Metro

Cuomo’s pay-to-play rap for nonprofits

As part of a probe into sleazy “pay-to-play” donations made by nonprofit groups, state Attorney General Andrew Cuomo has ordered dozens of charities to take back illegal contributions they’ve made to politicians — or lose their tax-exempt status, The Post has learned.

Cuomo has begun notifying individual charities by letter that he’s on to their wrongdoing. His office has uncovered improper campaign donations to state and city lawmakers that have been made by dozens of nonprofits, despite laws that bar them from such political activity.

“The issue of charities or not-for-profits giving political contributions is a matter we are currently investigating. It is not appropriate, and it is not legal, and we want to make sure it doesn’t happen anymore,” a spokesman for Cuomo told The Post.

The spokesman said the continuing probe has found the problem to be “widespread.”

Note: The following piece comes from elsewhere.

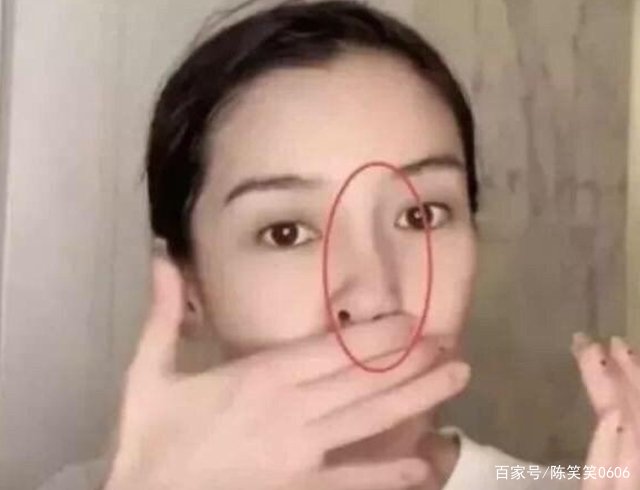 杨幂假屁股被群嘲,鞠婧祎装傻遭热议,baby鼻子歪了后来怎样了?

A source said “dozens” of charities are part of Cuomo’s investigation, which involves political contributions at various levels of government, including the state Legislature and the City Council.

Federal and state laws bar non-profits from making donations to candidates or officeholders, as well as participating in their campaigns.

Charities that break the law risk losing their tax-exempt status.

Still, many have long quietly forked over campaign cash — often after receiving pork barrel funding from some of the same lawmakers.

For instance, it has been reported that Assemblywoman Rhoda Jacobs (D-Brooklyn) got $2,500 from Maimonides Medical Center in 2006, while later that year, she arranged for a grant to the hospital for a CAT-scanner.

The assemblywoman’s office has said the burden should not be on lawmakers to determine whether groups that give donations to them are nonprofits or not.

Cuomo’s charity investigation grew out of an ongoing probe launched two years ago into pork-barrel spending — known as “member items” — by state lawmakers.

Earlier this month, the Attorney General’s Office sent a strongly worded letter to the director of the Brooklyn Italian Youth Soccer Club, detailing campaign contributions the charity has given to state politicians over the past five years and demanding the organization undertake to be repaid.

“Your organization’s apparent violation of the law may have jeopardized its tax-exempt status, the loss of which would seriously impair its operations and cause harm to its charitable beneficiaries,” reads the Oct. 10 letter, which was obtained by The Post.

“Our office requires that your organization seek an immediate repayment of past political contributions, if it has not done so already,” added the letter, which was signed by the head of Cuomo’s Charities Bureau, Jason Lilien. The letter demands that the nonprofit take steps to ensure similar contributions are not given in the future.

Cuomo ordered the group to inform him of what it is doing to get the money back, within 24 hours of receiving the warning, as well as listing all other contributions made to candidates from 2003 to the present.

According to Cuomo’s letter, the soccer club made nine contributions totaling $1,075 to Assemblymen Peter Abbate and Bill Colton, both Brooklyn Democrats, since 2004.

State comptroller records show the charity had not received any member items in recent years from Albany.

The head of the soccer club could not be reached for comment last night.